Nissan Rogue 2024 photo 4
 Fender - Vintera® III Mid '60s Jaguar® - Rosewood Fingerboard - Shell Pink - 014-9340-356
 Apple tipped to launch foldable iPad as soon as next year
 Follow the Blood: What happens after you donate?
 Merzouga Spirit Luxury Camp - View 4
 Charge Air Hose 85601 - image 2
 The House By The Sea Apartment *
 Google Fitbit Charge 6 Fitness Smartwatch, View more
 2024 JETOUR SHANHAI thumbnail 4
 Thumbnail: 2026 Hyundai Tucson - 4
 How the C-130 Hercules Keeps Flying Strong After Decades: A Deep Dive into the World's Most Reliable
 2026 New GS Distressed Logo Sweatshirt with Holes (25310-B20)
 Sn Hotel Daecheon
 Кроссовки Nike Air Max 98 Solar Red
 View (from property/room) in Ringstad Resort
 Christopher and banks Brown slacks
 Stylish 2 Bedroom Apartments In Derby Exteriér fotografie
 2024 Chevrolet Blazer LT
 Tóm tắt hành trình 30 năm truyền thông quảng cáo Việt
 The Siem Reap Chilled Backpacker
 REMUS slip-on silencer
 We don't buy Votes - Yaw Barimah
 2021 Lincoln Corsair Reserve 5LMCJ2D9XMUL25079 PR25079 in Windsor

◇ ◇ ◇ ◇

The expected answer holds each line from the listing above where the string "Charge" is present.

 Charge Air Hose 85601 - image 2
 Google Fitbit Charge 6 Fitness Smartwatch, View more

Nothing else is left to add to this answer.